The planet that is settled on represents an end to despair and anxiety to the voters, even though the sense of safety it provides is an illusion and not what is advised by the experts most informed of Cylon activity. The allure of laying down one's burdens is strong enough to make a disastrous decision though, which is something I can totally relate to.
As with any show I'll be this into by season 2, BSG has fleshed out so many interesting characters, and drawn me into so many storylines that my investment is pretty absolute at this point. The conflicts I mentioned above make me want happiness all the more for the characters I like. Because they live in a world of moral ambiguity, with no precedence to their dire stituation, much of their moral compass is created along the way. It makes it all the sweeter when these people are able to triumph against the overwhelming odds laid against them.
I'll use the example of Admiral Adama (Edward James Olmos). Adama wastes no action nor words. He commands with a soft-spoken tone, but the way his crew responds to him speaks volumes about the respect he gets, even from the otherwise rebellious Kara 'Starbuck' Thrace (Katee Sackhoff). He is not infallible though. In "Lay Down your Burdens" he becomes involved in a coverup over tampering with the election ballots. When Baltar cofronts him, Adama suggests he take his victory and leave it at that, and that's all it takes to make Baltar back down. It's a great bit of characterization, even though he's about to become his boss, Baltar realizes that NO ONE should cross Adama.
Wow, as Inigo Montaya put it: "There's too much to 'splain, let me sum up." There are more completely unexpected but naturally evolving twists packed into the last 30 min of "Lay Down you Burdens" than I've ever seen anywhere else. That's a big claim I realize, but I honestly can't think of anything that tops it. The last 15 minutes in particular present a conitnuity jump into the future that was not a gimmick nor felt like a cheat in any way, just the most interesting place to take up the story from. Just one "holy crap!" moment after another.
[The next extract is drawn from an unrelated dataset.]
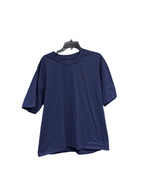 Anti Social Logo Tee Navy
Mostly coming courtesy of Callis' turn as Baltar, there are some hearty laughs to be had here. Particulary when we see Baltar's version of running a presidential administration.
If you haven't seen Battlestar Galactica - There's still time! before the new season starts that is. If you've seen all the way through "Lay Down your Burdens" and have cable can I please come to your house for the season premiere?